Crecí en el nocturno del Tirso, buscando novia y los estudios que el trabajo había postergado tras lo necesario. Allí encontré la lucha contra el fascismo que se resistía a regresar a las cloacas; allí encontré amigos con quien compartir los recitales de Inti Illimani; allí encontré compañeros. Seguí creciendo. La novia se convirtió en esposa. El domingo por la mañana me uní al coro del estadio y canté las victorias o las derrotas de mi Rayo. Continué mirando al fascismo de reojo, con pancartas, ondeando banderas, junto a los vecinos.
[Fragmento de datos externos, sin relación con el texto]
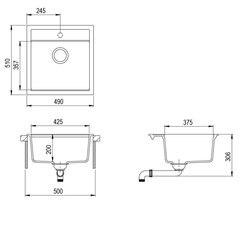 Kunstgraniidist köögivalamu Aquasanita Tesa SQT100, 111 Silica price and information | Kitchen sinks | hansapost.ee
Busqué entre los antepasados, entre sus leyendas, hasta encontrar un valle poblado de dinosaurios, de árabes, de olivos. Empapé el parche de pirata montado en el bajel que durante todo el año fondeaba en el puerto, a la espera de la batalla anual; con dos mortíferas armas: un cubo y una espada de plástico. Me sentí orgulloso de la otra Iglesia, la que se escribe con minúsculas y trabaja con mayúsculas, la del Padre Llanos y, ahora, la de Enrique de Castro. Seguí oyendo y cantando las canciones de un extremeño vallecano llamado Luis Pastor. El Hebe atronó mis oídos con la música de Ska-P. Comprendí y estreché la mano de los diferentes, porque aquí siempre tuvimos claro que todos somos iguales.
Recreé la vista y los sentidos con los libros que esperaban ofreciéndome sus portadas unos pocos peldaños abajo, los de la librería Muga en la avenida de Pablo Neruda; ¿dónde si no? Respiré con la cultura que aguardaba en los centros culturales, pese a aquellos señores que desde la alcaldía se agarraban a las banderas de un partido que nunca caminó, ni quiso hacerlo, por el barrio.
Viví en Vallecas. Vivo en Vallecas. Viviré en Vallecas, y hoy tengo la fortuna de poder hablaros de mi barrio. Mi padre me registró como Luis Miguel, aunque me podría haber llamado Juan, o Concha, o Alejandro, o Lucía, o Christian, o Ameena, o Kavi, o Bao-Zhi. Porque no importa el nombre ni de dónde se venga, solo es necesario estar dispuesto a ocupar un sitio debajo del gran paraguas que cubre nuestro barrio con un fuerte armazón de diez varillas: C-O-MP-R-O-M-I-S-O. Con la vida, con el que te necesita, con el amigo, en contra de la injusticia. Para resguardarse de la lluvia, solo hay que cruzar la M-30 y, en cuanto se ve el letrero del Metro y se lee “Puente de Vallecas”, guarecerse bajo ese enorme paraguas.
Un paraguas que, además, no tiene ningún problema en dejar pasar los rayos del sol.